Qingdao è una metropoli da dieci milioni di abitanti sulla costa settentrionale della Cina che ha costruito la sua storia attorno ad uno strano binomio: birra e tecnologia.
Della prima si intravedono le tracce nell’architettura in stile eclettico-europeo della parte storica dove gli anni della dominazione tedesca all’inizio del ventesimo secolo hanno lasciato in eredità viali alberati dal sapore bavarese e una fabbrica di birra, oggi museo, dal quale è partita la produzione del marchio “Tsingtao” ad oggi impresso sulle bottiglie delle lager nei ristoranti cinesi di mezzo mondo.

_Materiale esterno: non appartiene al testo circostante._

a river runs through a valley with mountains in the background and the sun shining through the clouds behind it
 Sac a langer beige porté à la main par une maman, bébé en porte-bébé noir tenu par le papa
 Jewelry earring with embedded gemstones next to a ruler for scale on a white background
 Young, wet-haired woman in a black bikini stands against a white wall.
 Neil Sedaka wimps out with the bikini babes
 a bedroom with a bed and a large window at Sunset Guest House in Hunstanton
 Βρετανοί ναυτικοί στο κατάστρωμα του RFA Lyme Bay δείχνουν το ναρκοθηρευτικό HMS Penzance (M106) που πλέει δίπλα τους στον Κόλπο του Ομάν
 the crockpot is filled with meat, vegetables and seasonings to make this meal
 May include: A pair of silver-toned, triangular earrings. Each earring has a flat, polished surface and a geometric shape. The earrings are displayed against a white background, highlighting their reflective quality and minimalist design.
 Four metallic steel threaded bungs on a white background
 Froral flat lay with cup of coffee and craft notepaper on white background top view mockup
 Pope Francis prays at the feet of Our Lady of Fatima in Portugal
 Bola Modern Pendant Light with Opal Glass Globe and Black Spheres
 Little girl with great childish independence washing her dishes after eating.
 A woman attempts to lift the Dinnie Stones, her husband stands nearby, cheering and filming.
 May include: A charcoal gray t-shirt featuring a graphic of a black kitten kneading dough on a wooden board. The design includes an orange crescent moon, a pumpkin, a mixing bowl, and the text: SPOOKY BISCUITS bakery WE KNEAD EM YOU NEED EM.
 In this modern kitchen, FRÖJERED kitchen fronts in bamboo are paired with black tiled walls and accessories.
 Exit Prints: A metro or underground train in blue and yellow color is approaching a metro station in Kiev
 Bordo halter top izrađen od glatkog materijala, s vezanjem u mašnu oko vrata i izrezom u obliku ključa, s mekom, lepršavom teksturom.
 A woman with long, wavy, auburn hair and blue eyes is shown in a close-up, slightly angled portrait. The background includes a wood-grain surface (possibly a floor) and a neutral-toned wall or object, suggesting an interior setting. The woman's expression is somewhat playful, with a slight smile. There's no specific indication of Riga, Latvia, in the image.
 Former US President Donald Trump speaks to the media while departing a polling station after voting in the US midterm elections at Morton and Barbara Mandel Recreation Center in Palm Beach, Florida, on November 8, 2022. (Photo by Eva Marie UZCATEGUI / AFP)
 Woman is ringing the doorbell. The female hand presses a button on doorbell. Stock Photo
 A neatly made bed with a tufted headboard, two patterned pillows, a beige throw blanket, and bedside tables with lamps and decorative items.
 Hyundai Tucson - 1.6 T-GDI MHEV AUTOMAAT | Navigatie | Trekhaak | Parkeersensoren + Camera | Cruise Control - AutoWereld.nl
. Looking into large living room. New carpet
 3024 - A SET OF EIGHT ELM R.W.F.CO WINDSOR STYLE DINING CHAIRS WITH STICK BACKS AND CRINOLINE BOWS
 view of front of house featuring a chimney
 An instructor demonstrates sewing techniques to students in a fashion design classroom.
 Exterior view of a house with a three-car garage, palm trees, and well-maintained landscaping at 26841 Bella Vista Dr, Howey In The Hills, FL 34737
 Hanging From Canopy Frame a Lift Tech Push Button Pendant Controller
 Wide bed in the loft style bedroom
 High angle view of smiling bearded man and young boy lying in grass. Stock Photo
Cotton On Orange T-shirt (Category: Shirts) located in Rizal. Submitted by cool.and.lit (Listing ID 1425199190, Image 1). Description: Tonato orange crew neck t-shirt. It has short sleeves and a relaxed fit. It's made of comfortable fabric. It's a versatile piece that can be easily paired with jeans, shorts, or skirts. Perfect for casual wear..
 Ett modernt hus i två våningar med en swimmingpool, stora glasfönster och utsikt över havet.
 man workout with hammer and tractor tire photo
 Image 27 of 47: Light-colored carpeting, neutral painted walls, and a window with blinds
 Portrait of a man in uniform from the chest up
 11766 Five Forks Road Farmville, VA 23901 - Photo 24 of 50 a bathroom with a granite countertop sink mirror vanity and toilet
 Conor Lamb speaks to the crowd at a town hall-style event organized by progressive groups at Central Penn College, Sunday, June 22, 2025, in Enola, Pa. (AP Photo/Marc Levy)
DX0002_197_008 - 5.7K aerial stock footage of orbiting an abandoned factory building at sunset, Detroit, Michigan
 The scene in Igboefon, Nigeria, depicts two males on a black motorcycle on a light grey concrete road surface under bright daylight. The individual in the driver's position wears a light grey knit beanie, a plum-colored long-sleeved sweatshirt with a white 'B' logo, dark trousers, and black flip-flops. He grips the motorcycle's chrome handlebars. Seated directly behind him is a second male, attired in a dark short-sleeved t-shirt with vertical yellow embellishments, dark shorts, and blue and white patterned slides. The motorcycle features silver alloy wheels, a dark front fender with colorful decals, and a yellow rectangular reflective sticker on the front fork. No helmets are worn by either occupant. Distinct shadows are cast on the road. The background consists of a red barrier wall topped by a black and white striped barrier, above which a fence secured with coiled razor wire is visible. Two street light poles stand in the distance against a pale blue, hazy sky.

Ma se il passato della città fonda le radici nel colonialismo europeo, il futuro ha le silhouette dei grattacieli della skyline in continua evoluzione che affaccia sul Mar giallo. Ed è qui che il secondo elemento, la tecnologia, ha legato indissolubilmente il suo nome alla città. Molti dei palazzi che svettano in giro per la città sono stati costruiti da Hisense, multinazionale conosciuta in Europa principalmente per la produzione di apparecchi elettronici ed elettrodomestici.
Locale, globale
Fondata nel 1969 col nome Hongdeng, "Lanterna Rossa", e un logo dallo stile propagandistico, si trasforma poi nella Qingdao General Television Factory ed è grazie alla collaborazione con il gigante Panasonic che si specializza nella produzione di Tv.